A systematic Benchmarking on the performance of Spark-SQL for processing Vast RDF datasets
We start by discussing the descriptive analysis by discussing the average query runtimes figures for the benchmark queries. We further follow these descriptive results with respective diagnosis analysis for answering the ‘why?’ question for those results.
SP2Bench Querie Averge runtime figures can be seen in this link.
From the figures, we can observe that queries Q1,Q3,Q10, and Q11 are the least impactful queries (i.e., have the lowest running times). Thus, we call these queries short-running queries. On the other hand, queries Q2,Q4, and Q8 have the longest runtimes. The remaining queries Q5, Q6 ,Q7,and Q9 are medium-running queries.
In the following, we focus our analysis on the longest running queries, as they may hide interesting insights about the approach limitations.
The previous observation is only valid with neglecting the bad performance of the CSV and Avro in the ST schema. However, it gives a clear answer of the impact of storage impact on our observations.
Moving to the diagnostic analysis, we try to explain the previous observations by analyzing the query complexity (Shown in the table here) and using our knowledge about Spark and the experimental dimensions, i.e. relational schema, partitioning techniques, storage backends. We try to provide diagnostic analysis concerning these dimensions rather than investigating each single query result.
Regarding the relational schema comparison, we can bserve that the ST schema is mostly the worst performing schema. Indeed, the ST schema is the one that requires the maximum number of self-joins (see the query complexity table, ST-SQL column). Moreover, ST schema single table is the largest table even after partitioning.
Whereas, the VT schema is mostly the best performing schema, specially when we scale up to higher datasets. The reason behind this is that VT tables tend to be smaller than other relational schema tables. Thus, Spark query joins have smaller intermediate results in the shuffle operations. In addition, VT tends to be more and more efficient with queries with small number of joins (i.e. BGB triple patterns).

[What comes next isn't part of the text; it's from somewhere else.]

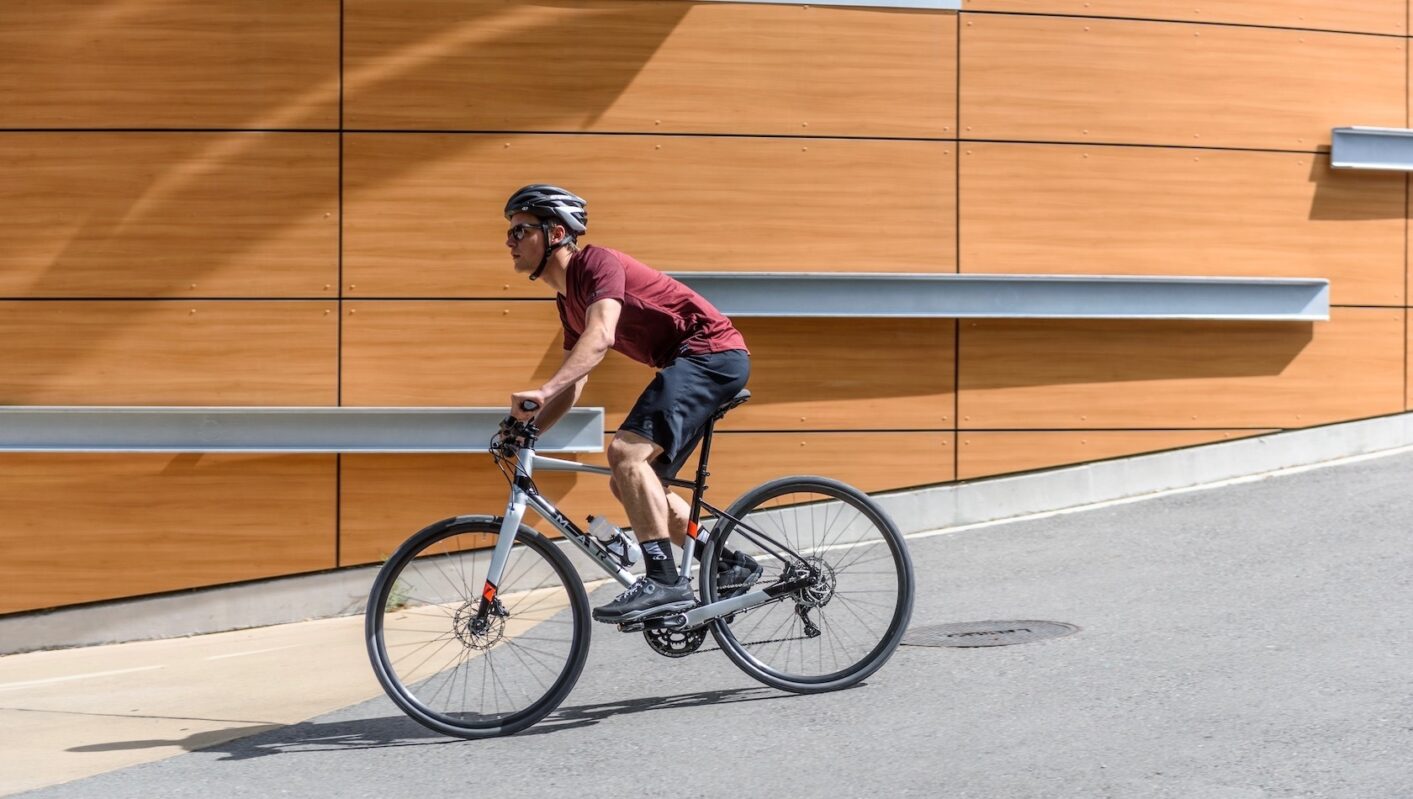 marin fitness bike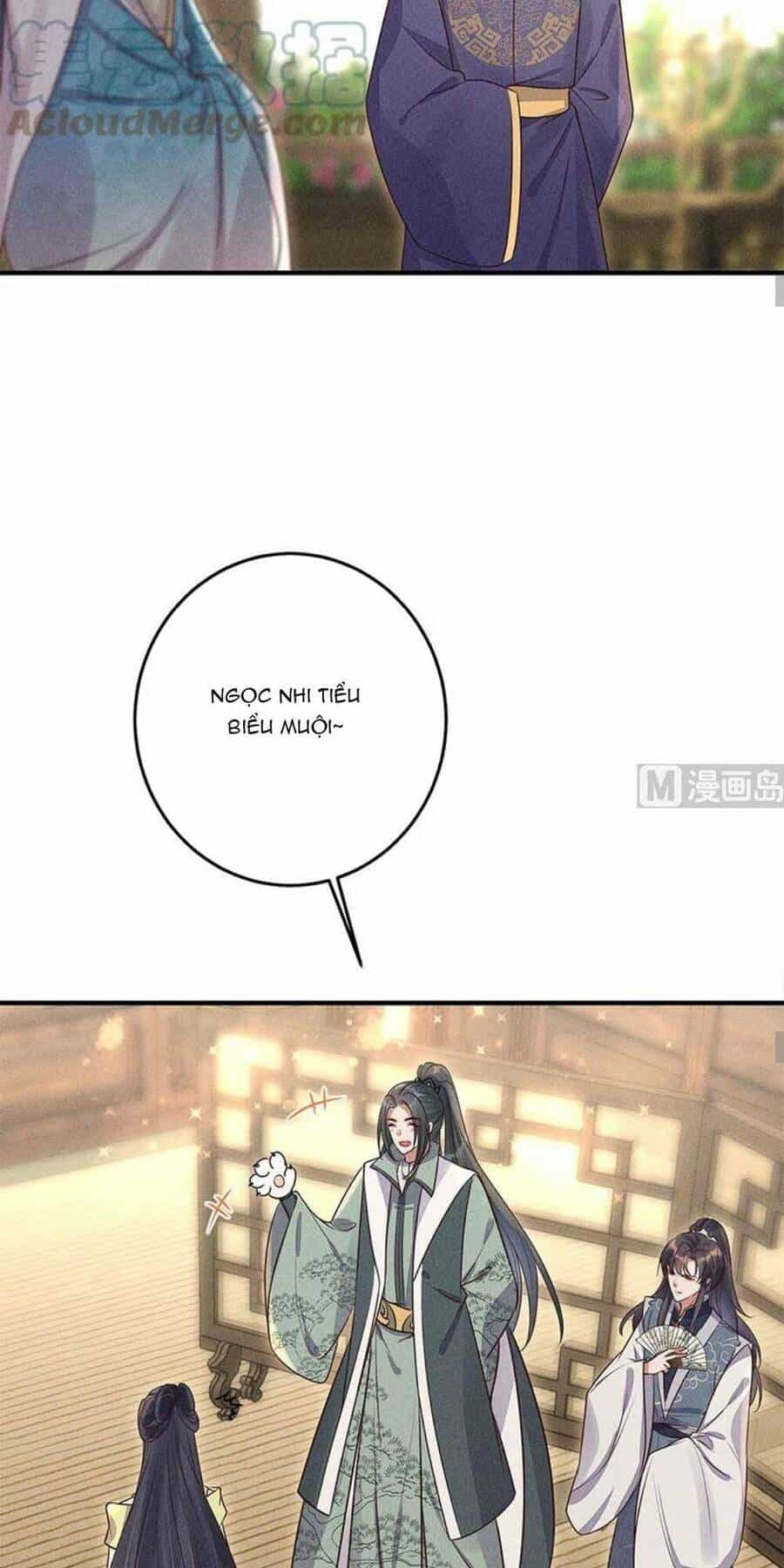 Tái Sinh Trở Lại : Ta Trở Thành Độc Y Thái Tử Phi - Chương 16 - ảnh 21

While, the PT schema is yet a strong competitor to the VT schema, since it is the schema that requires the minimum number of joins while translating SPARQL into SQL. Indeed, PT in the single machine experiments achieved the highest ranks in the majority of query executions. However, scaling up the experiment sizes, PT schema starts to incur larger intermediate results with higher shuffling costs that degrade its performance. Moreover, partitioning PT schema over Predicate (PBP) or Horizontally (HP) gives a negative effect on the PT schema performance, especially with SP2Bench query set that is highly ‘subject’-oriented. We specify this with the reasoning about the impact of partitioning in our experiments.
Regarding the partitioning techniques comparison, in general, the Subject-based partitioning approach tends to considerably outperform its other partitioning opponents. Particularly, it directly outperforms the HP approach, leaving the PBP technique in the worst rank. The reason behind this is that most of the queries in SP2Bench are on shape of ‘Star’ or ‘Snowflake’ which are mostly oriented to the RDF subject as the joining key. Indeed, partitioning by subject allocates the triples with the same subject on the same machine reducing data shuffling to the minimum, and maximizing the level of parallelism by all workers.
Whereas, this is not satisfied in the Horizontal-based approach, as it splits the tables and only cares about distributing them in a balanced way as much as possible regardless grouping of the rows of the same subject on the same machine.
Finally, the predicate-based approach presents the highest degree of shuffling while joins are run by Spark-SQL in most of the SP2Bench. Therefore, Predicate-based technique are not recommended when evaluating ‘subject-oriented’ queries. Moreover, Predicate-based partitioning is the most unbalanced load partitioning technique with the highest data skewness. Since our SP2Bench RDF datasets have some predicates with few triples/table entries (i.e. subClassOf), while others have the most portions of the RDF graph (i.e. creator, type, and homepage). Hence, this unbalanced nature leads to stragglers and inefficient join implementations in Spark-SQL.
What we observed is that, columnar file formats of HDFS storage backend are outperforming the others. In particular, ORC is the best performing storage format followed by Parquet. While Hive directly follows them.
Whereas, Avro and CSV file formats of HDFS are the worst-performing backends. Interestingly, we can observe that Avro outperforms the other storage formats in the PBP partitioning technique.
The reason behind these results is that, most of the SP2Bench queries are with a small number of projections as shown in complexity table menioned above. Thus, columnar file storage backends perform better since they have to scan only a subset of the columns with filtering out unnecessary columns for the query. Hive is consistently following them. On the other side, the textual uncompressed \textit{CSV} and the \textit{row-oriented} Avro file formats are shown to have the lowest performing storage options, respectively.